--- THE DATA Enclosed Below ---

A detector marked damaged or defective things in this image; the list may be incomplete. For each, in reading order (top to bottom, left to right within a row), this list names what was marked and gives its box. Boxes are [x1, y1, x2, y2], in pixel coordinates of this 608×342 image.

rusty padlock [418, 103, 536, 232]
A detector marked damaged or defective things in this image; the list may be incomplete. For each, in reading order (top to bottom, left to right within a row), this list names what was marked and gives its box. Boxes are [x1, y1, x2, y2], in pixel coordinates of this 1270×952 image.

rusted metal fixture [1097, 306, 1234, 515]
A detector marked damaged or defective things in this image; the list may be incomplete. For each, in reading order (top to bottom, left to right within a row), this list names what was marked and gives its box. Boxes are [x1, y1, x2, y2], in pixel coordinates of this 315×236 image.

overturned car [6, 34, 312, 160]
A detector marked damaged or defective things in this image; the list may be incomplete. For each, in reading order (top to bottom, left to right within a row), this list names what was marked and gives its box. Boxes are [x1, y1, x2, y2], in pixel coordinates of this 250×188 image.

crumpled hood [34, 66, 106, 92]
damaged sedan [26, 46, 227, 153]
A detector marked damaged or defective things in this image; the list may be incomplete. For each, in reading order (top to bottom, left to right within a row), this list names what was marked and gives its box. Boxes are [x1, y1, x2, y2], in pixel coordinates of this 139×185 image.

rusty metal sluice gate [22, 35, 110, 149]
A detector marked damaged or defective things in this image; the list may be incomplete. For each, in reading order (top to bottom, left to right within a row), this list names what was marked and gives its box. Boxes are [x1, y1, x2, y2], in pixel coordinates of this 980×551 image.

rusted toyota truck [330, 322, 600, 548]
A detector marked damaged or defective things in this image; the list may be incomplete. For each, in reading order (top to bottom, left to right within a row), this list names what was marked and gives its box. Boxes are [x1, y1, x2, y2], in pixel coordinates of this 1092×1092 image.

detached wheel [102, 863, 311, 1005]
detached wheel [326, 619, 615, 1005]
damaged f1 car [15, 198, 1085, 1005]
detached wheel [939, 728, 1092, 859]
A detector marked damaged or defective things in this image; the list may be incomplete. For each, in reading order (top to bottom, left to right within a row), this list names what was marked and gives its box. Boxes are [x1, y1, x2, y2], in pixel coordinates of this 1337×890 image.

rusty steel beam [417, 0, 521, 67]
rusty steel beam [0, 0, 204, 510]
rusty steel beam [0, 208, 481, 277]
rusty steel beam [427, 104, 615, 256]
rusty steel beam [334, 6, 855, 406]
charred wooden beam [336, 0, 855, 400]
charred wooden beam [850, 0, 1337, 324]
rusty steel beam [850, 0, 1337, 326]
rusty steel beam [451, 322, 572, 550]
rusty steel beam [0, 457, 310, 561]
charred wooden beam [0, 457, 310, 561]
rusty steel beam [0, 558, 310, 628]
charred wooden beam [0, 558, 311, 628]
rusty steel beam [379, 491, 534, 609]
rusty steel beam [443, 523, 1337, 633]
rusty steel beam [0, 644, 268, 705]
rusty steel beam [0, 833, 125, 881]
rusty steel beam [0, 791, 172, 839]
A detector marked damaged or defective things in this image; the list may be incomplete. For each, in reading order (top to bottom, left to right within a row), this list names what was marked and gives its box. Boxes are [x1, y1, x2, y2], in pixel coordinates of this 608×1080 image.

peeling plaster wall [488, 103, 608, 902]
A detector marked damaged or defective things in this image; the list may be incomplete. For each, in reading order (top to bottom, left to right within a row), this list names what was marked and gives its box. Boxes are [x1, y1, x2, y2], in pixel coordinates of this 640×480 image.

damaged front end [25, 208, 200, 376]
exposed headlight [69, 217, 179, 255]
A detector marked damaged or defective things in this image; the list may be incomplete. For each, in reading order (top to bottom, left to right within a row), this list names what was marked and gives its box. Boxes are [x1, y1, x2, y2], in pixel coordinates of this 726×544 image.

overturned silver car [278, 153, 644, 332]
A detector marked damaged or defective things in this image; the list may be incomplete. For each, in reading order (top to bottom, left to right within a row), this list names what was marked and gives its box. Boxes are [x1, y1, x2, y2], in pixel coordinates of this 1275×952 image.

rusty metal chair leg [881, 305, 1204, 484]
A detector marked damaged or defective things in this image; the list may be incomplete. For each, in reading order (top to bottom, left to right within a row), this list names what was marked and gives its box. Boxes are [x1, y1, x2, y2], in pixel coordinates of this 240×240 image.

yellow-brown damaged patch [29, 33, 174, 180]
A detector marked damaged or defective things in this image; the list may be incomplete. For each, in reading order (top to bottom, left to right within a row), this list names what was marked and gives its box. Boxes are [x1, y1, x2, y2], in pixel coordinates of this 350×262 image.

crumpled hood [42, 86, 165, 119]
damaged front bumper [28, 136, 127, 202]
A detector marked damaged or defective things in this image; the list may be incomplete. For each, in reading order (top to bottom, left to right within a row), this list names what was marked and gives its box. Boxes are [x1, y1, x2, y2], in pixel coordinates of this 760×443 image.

--- End of Enclosed THE DATA ---

Having located the line containing "this 726×544 image.", set it down along with every line after it through the end of the data, reproducing each exactly.

A detector marked damaged or defective things in this image; the list may be incomplete. For each, in reading order (top to bottom, left to right within a row), this list names what was marked and gives its box. Boxes are [x1, y1, x2, y2], in pixel coordinates of this 726×544 image.

overturned silver car [278, 153, 644, 332]
A detector marked damaged or defective things in this image; the list may be incomplete. For each, in reading order (top to bottom, left to right within a row), this list names what was marked and gives its box. Boxes are [x1, y1, x2, y2], in pixel coordinates of this 1275×952 image.

rusty metal chair leg [881, 305, 1204, 484]
A detector marked damaged or defective things in this image; the list may be incomplete. For each, in reading order (top to bottom, left to right within a row), this list names what was marked and gives its box. Boxes are [x1, y1, x2, y2], in pixel coordinates of this 240×240 image.

yellow-brown damaged patch [29, 33, 174, 180]
A detector marked damaged or defective things in this image; the list may be incomplete. For each, in reading order (top to bottom, left to right within a row), this list names what was marked and gives its box. Boxes are [x1, y1, x2, y2], in pixel coordinates of this 350×262 image.

crumpled hood [42, 86, 165, 119]
damaged front bumper [28, 136, 127, 202]
A detector marked damaged or defective things in this image; the list may be incomplete. For each, in reading order (top to bottom, left to right within a row), this list names what was marked and gives its box. Boxes are [x1, y1, x2, y2], in pixel coordinates of this 760×443 image.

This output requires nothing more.